:: Exercise ::
Would you copy the lines below exactly and omit the images?

:: Data excerpt ::
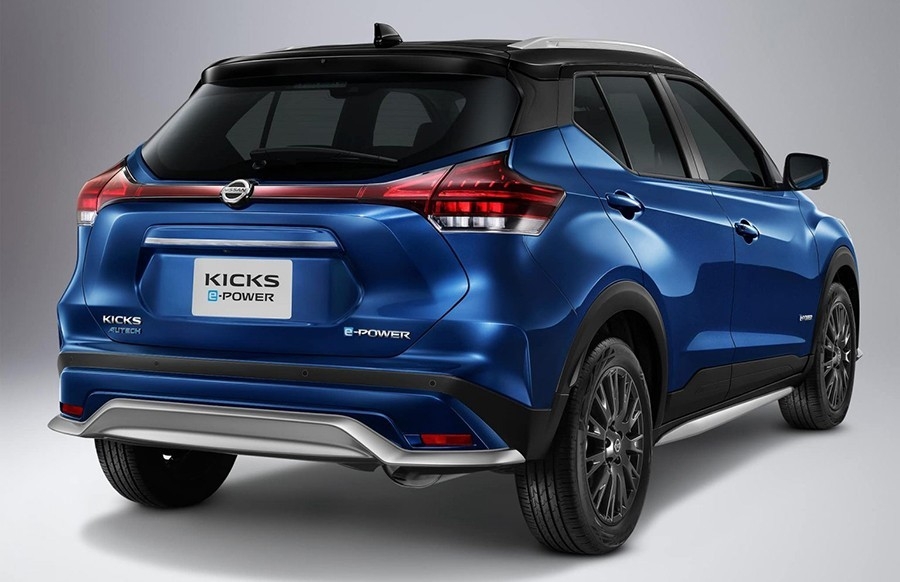 Nissan Kicks e-Power 2023 mở bán với giá 538 triệu đồng: “Đe nẹt” đối thủ Kia Seltos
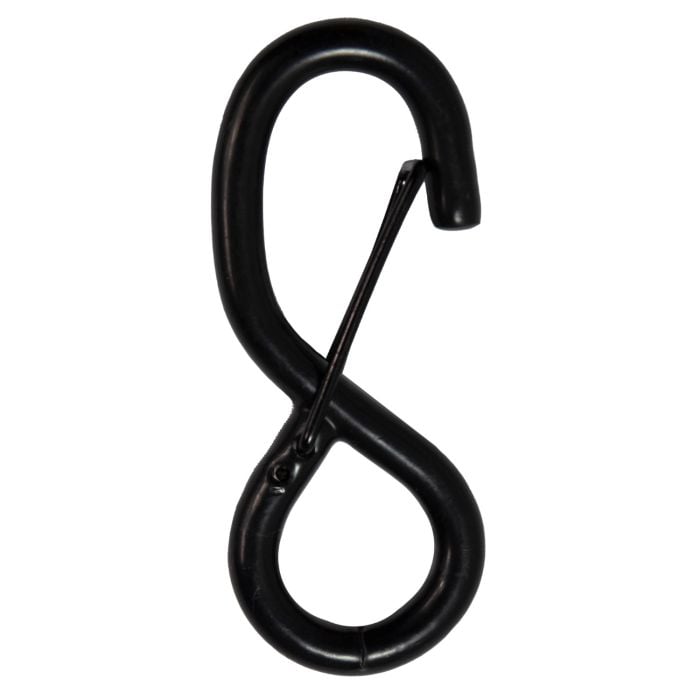 Light Duty Vinyl Coated Safety S-Hook 
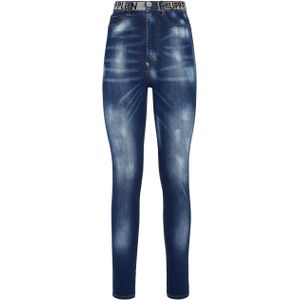 Super Hoge Taille Jegging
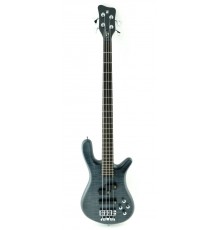 Warwick STREAMER LX 4 Nirvana Black Германия бас-гитара (выставочный экземпляр)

:: Task output ::
 Nissan Kicks e-Power 2023 mở bán với giá 538 triệu đồng: “Đe nẹt” đối thủ Kia Seltos
 Light Duty Vinyl Coated Safety S-Hook 
 Super Hoge Taille Jegging
 Warwick STREAMER LX 4 Nirvana Black Германия бас-гитара (выставочный экземпляр)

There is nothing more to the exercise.